## What is needed
Reproduce each line of the entries that carries "World".

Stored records
<<<<

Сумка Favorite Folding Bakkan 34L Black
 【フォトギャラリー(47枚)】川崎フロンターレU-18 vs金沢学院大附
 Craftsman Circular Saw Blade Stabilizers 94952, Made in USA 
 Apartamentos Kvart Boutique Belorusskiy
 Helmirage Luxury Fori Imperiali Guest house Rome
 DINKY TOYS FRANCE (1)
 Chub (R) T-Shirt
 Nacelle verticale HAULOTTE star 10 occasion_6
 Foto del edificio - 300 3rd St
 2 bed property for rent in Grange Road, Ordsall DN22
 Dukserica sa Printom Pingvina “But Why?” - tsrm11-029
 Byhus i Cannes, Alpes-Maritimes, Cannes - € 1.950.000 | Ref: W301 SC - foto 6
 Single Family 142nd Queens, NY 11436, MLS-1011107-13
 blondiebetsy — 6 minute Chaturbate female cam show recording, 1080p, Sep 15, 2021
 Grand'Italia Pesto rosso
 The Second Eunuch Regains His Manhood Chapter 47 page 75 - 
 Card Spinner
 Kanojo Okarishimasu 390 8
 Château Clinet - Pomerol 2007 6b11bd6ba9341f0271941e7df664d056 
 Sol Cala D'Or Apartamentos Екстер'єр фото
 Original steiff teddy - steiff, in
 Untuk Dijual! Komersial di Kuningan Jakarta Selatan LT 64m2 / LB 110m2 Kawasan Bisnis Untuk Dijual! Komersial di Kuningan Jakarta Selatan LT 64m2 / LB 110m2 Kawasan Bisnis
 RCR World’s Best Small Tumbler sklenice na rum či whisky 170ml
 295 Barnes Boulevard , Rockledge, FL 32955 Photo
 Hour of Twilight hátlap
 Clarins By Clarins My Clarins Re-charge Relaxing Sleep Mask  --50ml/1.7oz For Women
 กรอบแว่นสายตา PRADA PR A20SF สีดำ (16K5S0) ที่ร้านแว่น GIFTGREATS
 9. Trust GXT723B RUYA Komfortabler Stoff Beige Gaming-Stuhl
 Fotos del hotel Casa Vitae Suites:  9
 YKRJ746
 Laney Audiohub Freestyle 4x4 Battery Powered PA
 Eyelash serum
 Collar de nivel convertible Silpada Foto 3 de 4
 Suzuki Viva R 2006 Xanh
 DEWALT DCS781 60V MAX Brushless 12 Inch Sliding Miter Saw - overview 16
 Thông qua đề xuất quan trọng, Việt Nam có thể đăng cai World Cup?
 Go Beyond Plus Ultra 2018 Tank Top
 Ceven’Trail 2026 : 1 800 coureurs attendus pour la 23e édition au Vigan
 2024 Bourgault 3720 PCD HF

>>>>

## Written solution
 RCR World’s Best Small Tumbler sklenice na rum či whisky 170ml
 Thông qua đề xuất quan trọng, Việt Nam có thể đăng cai World Cup?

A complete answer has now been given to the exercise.